# [Exercise objective]
Return every line of the material exactly.

# [Information shown]
————————
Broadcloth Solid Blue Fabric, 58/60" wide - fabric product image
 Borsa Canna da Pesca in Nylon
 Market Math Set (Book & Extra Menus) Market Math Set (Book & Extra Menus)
————————
# [Completed task]
Broadcloth Solid Blue Fabric, 58/60" wide - fabric product image
 Borsa Canna da Pesca in Nylon
 Market Math Set (Book & Extra Menus) Market Math Set (Book & Extra Menus)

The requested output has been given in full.